If the Offeror declares the Offer unconditional (gestand doen), the Offeror shall be entitled to effect or cause to effect any other restructuring of Lucas Bols (other than the Statutory Buy-Out Proceedings or a Post-Closing Restructuring Measure) for the purpose of achieving an optimal operational, legal or financial structure, in accordance with Law, some of which may have the side effect of diluting the shareholding of any remaining minority shareholders of Lucas Bols. Such other Post-Closing Measures are described in more detail in Section 6.13.6 (Other Post-Closing Measures) of the Offer Memorandum.
Any announcements contemplated by the Offer Memorandum will be made by press release. Any press release issued by the Offeror will be made on the website www.noletdistillery.com. Any press release issued by Lucas Bols will be made available on the website www.lucasbols.com.
The Offeror is making the Offer on the terms and subject to the conditions and restrictions contained in the Offer Memorandum which is available as of today. In addition, Lucas Bols has made available the Position Statement today, containing the information required by Article 18, Paragraph 2 and Annex G of the Decree in connection with the Offer. This announcement contains selected, condensed information regarding the Offer and does not replace the Offer Memorandum and/or the Position Statement. The information in this announcement is not complete and additional information is contained in the Offer Memorandum and/or the Position Statement. Shareholders are advised to review the Offer Memorandum and the Position Statement in detail and to seek independent advice where appropriate in order to reach a reasoned judgment in respect of the Offer and the content of the Offer Memorandum and the Position Statement. In addition, shareholders may wish to consult with their tax advisors regarding the tax consequences of tendering their Shares under the Offer.
A digital copy of the Offer Memorandum is available on the website of Nolet https://www.noletdistillery.com/en/public-offer/ and digital copies of the Offer Memorandum and the Position Statement are available on the website of Lucas Bols https://www.lucasbols.com/public-offer. Such websites do not constitute a part of, and are not incorporated by reference into, the Offer Memorandum. Copies of the Offer Memorandum and the Position Statement are also available free of charge at the offices of Lucas Bols and the Settlement Agent, at the addresses mentioned below.


Paulus Potterstraat 14 1071 CZ Amsterdam The Netherlands
ABN AMRO Bank N.V. Corporate Broking and Issuer Services HQ7212 Gustav Mahlerlaan 10 1082 PP Amsterdam, The Netherlands
AXECO Corporate Finance B.V. is acting as financial advisor to Nolet.
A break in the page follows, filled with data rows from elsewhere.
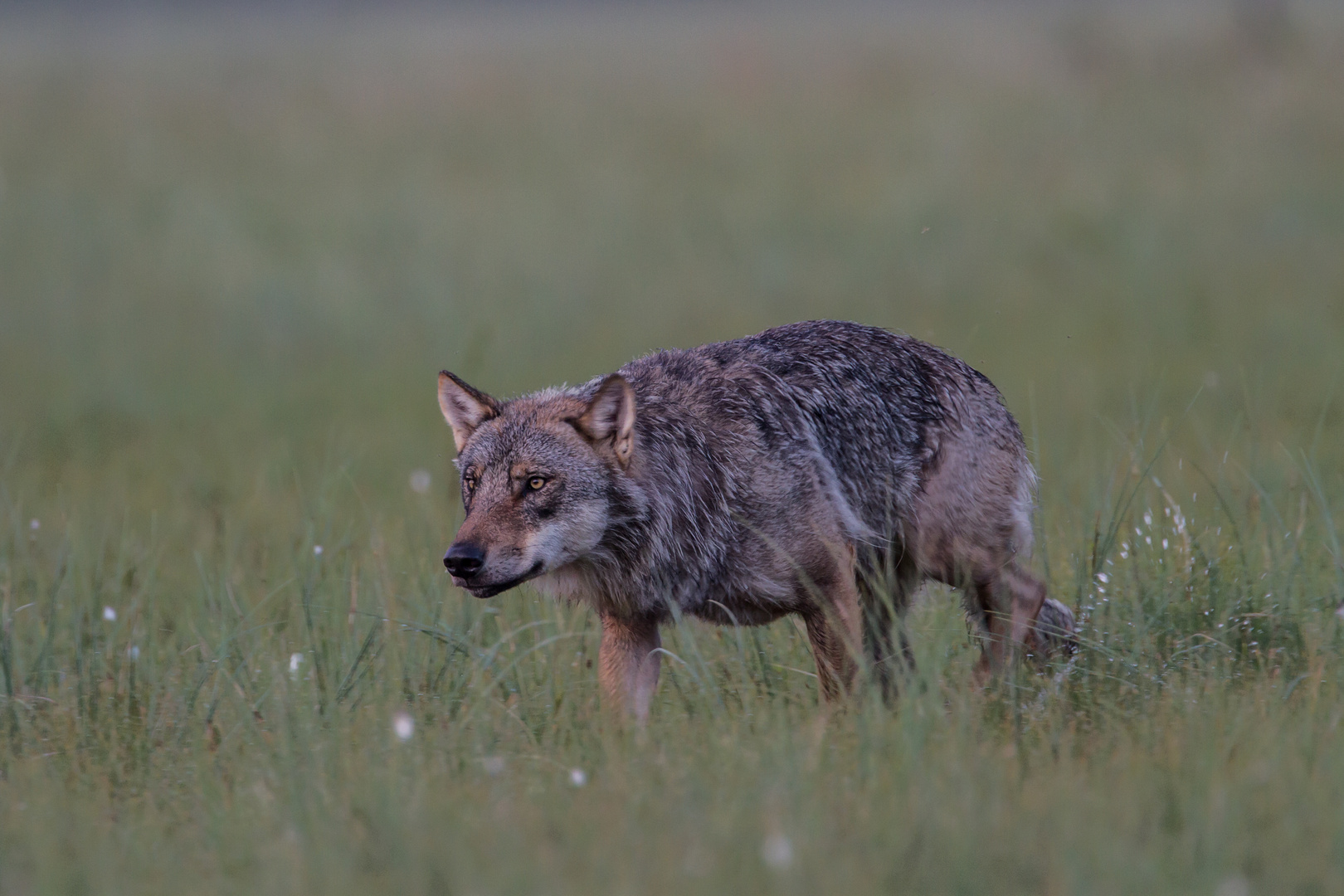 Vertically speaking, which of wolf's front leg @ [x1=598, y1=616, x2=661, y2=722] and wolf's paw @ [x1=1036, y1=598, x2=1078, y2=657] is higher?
wolf's front leg @ [x1=598, y1=616, x2=661, y2=722]

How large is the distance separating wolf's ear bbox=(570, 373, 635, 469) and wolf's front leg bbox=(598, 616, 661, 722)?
0.61 metres

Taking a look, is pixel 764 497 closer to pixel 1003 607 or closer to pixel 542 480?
pixel 542 480

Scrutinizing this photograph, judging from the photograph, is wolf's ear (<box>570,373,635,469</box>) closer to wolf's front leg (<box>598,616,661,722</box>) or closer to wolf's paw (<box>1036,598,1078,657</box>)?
wolf's front leg (<box>598,616,661,722</box>)

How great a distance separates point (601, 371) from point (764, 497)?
704cm

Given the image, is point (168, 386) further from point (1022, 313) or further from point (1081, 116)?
point (1081, 116)

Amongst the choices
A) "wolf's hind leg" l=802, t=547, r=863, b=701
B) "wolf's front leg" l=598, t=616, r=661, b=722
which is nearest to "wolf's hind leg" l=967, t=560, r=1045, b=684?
"wolf's hind leg" l=802, t=547, r=863, b=701

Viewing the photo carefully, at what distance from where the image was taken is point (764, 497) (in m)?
5.16

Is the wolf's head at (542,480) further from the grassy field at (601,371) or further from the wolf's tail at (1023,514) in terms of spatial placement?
the wolf's tail at (1023,514)

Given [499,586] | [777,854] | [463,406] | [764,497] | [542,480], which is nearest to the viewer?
[777,854]

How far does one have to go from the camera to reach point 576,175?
695 inches

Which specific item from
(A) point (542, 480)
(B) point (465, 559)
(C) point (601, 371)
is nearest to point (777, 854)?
(B) point (465, 559)

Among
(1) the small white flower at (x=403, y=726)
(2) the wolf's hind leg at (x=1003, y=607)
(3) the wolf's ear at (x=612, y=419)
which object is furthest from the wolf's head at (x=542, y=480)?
(2) the wolf's hind leg at (x=1003, y=607)

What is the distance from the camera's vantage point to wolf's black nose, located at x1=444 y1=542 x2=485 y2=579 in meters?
4.52

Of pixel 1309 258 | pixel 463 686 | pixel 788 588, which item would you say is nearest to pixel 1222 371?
pixel 1309 258
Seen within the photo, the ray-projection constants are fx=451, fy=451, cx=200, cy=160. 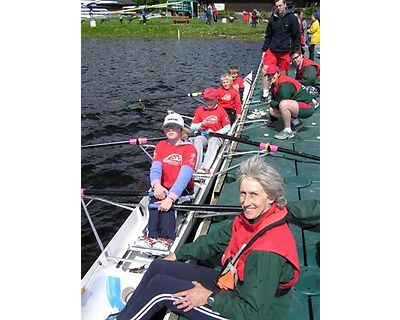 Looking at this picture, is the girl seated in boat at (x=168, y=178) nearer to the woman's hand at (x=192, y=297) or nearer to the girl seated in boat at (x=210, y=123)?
the woman's hand at (x=192, y=297)

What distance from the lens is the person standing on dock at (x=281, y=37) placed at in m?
9.78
De Brauw Blackstone Westbroek N.V. and Coöperatie Forest Flint U.A. are acting as legal advisors to Nolet.
On behalf of Lucas Bols, ABN AMRO Bank N.V. is acting as financial advisor and Loyens & Loeff N.V. as legal advisor.
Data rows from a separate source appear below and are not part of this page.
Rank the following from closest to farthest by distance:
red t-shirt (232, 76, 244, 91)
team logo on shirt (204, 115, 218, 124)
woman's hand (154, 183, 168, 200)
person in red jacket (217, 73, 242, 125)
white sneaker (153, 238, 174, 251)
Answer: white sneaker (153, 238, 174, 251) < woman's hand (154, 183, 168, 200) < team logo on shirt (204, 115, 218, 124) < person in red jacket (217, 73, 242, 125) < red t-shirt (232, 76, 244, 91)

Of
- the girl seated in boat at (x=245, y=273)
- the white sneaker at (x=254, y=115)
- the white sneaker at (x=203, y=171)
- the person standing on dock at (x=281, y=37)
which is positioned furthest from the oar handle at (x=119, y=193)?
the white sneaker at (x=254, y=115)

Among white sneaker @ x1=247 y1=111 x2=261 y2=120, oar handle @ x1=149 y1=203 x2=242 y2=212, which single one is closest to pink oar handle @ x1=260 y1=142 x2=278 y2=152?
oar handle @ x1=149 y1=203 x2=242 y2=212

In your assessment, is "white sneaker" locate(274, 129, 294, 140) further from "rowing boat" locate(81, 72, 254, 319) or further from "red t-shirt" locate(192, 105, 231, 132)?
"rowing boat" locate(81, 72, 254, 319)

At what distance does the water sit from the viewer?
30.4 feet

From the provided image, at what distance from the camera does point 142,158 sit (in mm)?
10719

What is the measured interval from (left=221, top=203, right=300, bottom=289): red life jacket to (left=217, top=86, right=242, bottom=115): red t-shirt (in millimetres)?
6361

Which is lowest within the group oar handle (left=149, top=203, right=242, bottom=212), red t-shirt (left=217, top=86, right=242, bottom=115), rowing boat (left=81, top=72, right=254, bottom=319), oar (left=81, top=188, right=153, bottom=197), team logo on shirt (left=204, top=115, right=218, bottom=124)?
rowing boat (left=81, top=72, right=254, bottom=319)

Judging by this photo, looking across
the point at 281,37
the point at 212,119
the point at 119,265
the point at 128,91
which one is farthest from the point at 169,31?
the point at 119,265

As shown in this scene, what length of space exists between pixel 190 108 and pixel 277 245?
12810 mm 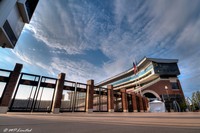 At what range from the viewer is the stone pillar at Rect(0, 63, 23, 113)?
24.9ft

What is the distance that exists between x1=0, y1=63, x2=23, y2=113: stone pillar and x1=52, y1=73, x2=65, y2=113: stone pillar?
351 centimetres

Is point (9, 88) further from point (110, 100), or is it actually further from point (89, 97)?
point (110, 100)

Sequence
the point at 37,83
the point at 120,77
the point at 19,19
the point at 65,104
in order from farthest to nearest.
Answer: the point at 120,77 → the point at 65,104 → the point at 37,83 → the point at 19,19

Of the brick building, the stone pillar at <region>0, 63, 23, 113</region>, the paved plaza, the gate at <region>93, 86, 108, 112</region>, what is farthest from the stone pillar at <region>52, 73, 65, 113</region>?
the brick building

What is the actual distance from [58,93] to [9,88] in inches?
156

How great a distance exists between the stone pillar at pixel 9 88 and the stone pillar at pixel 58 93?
351 cm

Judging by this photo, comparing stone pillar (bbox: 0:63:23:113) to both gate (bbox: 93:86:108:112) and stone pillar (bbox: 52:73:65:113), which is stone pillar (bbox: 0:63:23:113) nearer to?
stone pillar (bbox: 52:73:65:113)

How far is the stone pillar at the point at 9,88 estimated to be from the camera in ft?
24.9

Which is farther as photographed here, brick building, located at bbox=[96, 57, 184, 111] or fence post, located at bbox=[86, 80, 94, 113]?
brick building, located at bbox=[96, 57, 184, 111]

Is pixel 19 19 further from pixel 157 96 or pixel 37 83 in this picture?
pixel 157 96

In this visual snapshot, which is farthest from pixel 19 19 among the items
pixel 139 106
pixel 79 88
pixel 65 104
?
pixel 139 106

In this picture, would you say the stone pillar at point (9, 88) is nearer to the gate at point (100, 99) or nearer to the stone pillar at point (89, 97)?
the stone pillar at point (89, 97)

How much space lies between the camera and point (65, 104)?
20.6m

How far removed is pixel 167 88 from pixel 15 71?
140 feet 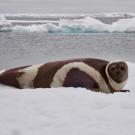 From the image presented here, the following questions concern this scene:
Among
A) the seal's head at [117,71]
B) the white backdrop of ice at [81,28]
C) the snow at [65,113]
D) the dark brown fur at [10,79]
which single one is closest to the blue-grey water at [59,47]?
the white backdrop of ice at [81,28]

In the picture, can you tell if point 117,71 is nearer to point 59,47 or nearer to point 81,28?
point 59,47

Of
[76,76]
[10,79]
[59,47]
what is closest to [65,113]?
[76,76]

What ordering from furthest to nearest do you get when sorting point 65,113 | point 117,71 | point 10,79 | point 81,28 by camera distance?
point 81,28
point 10,79
point 117,71
point 65,113

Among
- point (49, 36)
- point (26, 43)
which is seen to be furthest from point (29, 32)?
point (26, 43)

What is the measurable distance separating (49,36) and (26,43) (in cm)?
158

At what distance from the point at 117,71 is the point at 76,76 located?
28 centimetres

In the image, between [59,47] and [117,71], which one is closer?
[117,71]

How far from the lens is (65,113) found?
2.65 metres

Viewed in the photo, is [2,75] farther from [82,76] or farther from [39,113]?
[39,113]

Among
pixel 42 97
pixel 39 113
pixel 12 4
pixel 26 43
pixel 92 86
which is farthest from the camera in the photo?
pixel 12 4

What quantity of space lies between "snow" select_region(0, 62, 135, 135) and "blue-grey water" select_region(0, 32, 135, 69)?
4466 millimetres

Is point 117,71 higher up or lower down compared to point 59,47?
higher up

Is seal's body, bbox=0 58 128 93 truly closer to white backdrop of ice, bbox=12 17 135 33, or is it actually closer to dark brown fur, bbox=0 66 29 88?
dark brown fur, bbox=0 66 29 88

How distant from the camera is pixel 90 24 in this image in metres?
14.0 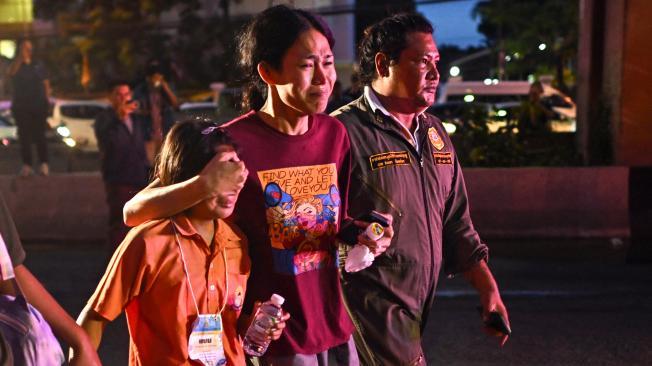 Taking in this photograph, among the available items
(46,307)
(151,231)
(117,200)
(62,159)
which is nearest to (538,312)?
(117,200)

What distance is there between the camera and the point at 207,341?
3068mm

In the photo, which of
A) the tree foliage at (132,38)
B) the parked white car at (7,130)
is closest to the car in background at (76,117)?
the parked white car at (7,130)

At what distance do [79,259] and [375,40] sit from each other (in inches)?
283

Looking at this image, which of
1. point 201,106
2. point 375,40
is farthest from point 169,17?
point 375,40

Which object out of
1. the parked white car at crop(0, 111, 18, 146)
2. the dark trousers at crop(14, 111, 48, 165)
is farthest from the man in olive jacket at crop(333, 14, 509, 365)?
the parked white car at crop(0, 111, 18, 146)

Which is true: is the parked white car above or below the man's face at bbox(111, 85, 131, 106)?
below

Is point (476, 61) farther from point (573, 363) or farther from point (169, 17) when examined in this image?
point (573, 363)

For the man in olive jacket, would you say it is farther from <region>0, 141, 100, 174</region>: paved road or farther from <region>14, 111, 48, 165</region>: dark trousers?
<region>0, 141, 100, 174</region>: paved road

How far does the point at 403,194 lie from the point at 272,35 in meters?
0.77

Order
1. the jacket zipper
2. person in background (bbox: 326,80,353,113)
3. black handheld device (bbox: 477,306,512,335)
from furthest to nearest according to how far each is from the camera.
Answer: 1. person in background (bbox: 326,80,353,113)
2. black handheld device (bbox: 477,306,512,335)
3. the jacket zipper

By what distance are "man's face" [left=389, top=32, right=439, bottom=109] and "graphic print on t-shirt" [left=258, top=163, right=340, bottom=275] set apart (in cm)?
67

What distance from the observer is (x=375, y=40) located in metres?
4.06

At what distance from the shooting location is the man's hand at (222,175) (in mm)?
2996

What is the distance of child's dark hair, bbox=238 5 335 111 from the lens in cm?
340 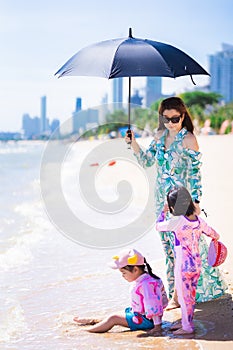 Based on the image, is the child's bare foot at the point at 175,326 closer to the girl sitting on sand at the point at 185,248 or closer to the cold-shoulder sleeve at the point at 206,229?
the girl sitting on sand at the point at 185,248

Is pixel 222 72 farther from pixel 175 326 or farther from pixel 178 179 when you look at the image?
pixel 175 326

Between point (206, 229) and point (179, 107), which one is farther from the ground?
point (179, 107)

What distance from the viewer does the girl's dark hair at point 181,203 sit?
3.98 m

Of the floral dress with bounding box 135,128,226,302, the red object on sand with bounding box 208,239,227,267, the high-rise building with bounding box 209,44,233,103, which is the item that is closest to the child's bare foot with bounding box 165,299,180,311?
the floral dress with bounding box 135,128,226,302

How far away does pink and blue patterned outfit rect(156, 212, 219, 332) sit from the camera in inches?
154

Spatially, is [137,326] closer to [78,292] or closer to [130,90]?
[78,292]

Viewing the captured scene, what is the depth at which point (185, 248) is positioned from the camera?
395 cm

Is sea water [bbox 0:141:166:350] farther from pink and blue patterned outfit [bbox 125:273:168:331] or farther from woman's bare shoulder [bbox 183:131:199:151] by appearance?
woman's bare shoulder [bbox 183:131:199:151]

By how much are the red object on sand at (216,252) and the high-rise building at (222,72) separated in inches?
6925

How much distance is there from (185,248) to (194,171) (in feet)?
2.24

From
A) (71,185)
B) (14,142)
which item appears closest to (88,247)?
(71,185)

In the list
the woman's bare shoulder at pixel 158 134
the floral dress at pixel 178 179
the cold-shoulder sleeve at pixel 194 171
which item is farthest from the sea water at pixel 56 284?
the woman's bare shoulder at pixel 158 134

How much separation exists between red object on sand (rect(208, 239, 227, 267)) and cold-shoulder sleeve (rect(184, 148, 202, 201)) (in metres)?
0.41

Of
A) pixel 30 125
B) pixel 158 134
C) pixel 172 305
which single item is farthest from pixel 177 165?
pixel 30 125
Confidant Partners is acting as communications advisor.
| Press enquiries Nolet | Press enquiries Lucas Bols |
|---|---|
| René Loman | Huub van Doorne (CEO) and Frank Cocx (CFO) |
| T +31 6 5185 2226 | T +31 6 1508 3143 |
| E [email protected] | E [email protected] |
Since its establishment in 1691, Nolet Family Distillery has been continuously owned by the Nolet family. It is one of the oldest family businesses in the Netherlands, with a rich heritage. The Nolet family business has been making excellent spirits with traditional methods using state-of-the-art technology. His Majesty the King has granted the company the right to use the 'Royal' designation.
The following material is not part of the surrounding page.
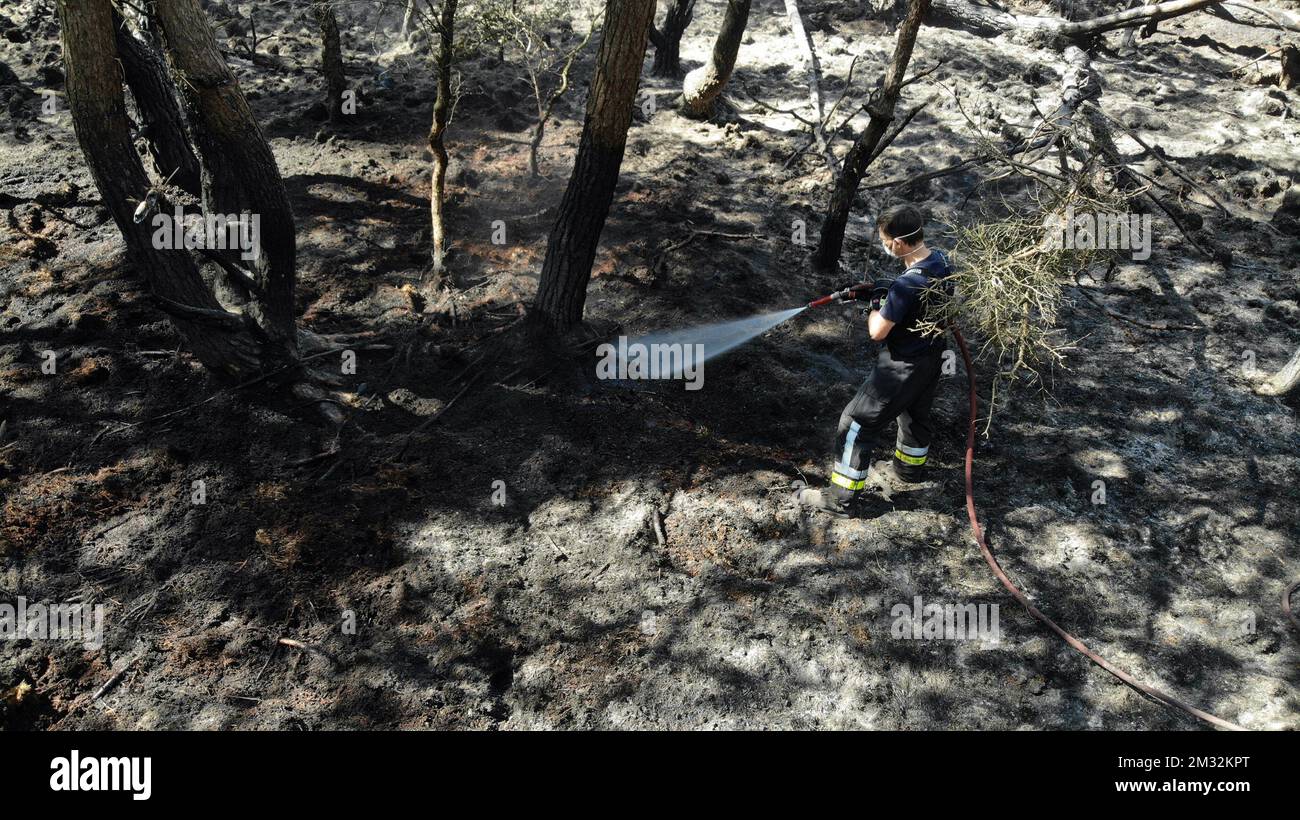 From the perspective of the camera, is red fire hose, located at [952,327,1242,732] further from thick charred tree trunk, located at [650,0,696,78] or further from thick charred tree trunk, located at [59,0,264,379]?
thick charred tree trunk, located at [650,0,696,78]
Current head of the Nolet family is Carel Nolet (1941), who expanded the family business in the early 1980s to create a modern distillery. In the tradition of his forefathers, Carel Nolet made the distillery a worldwide player in over 90 countries with his super premium brands. In 1977, he presented his smooth and pure KETEL 1 Jenever. In 1983 he introduced the now world-famous Ketel One Vodka in the United States, which is distributed and marketed through a 50-50 joint venture with Diageo since 2008. Today, it is the world's leading bartenders' favourite vodka. Of more recent date are NOLET'S Gin and Ketel One Botanical.
Carel Nolet shares his craftsmanship, his love of the profession and the family recipes with his sons Carel Jr. and Bob, who are the eleventh generation of Nolet. The twelfth generation is already on the way.


The Lucas Bols Company is a leading global cocktail and spirits player in the worldwide cocktail market and one of the oldest Dutch companies still active. Lucas Bols' mission is to create great cocktail experiences around the globe. The Lucas Bols Company is active in over 110 countries worldwide with a portfolio of three global cocktail brands and more than 20 international and regional liqueurs and spirits. Bols, The World's First Cocktail Brand, includes the number-one liqueur range globally (not including the US). Lucas Bols is also the world's largest player in the genever segment, and our portfolio of cocktail brands includes Passoã, the number one passion fruit liqueur, and the ultra-premium Tequila Partida brand.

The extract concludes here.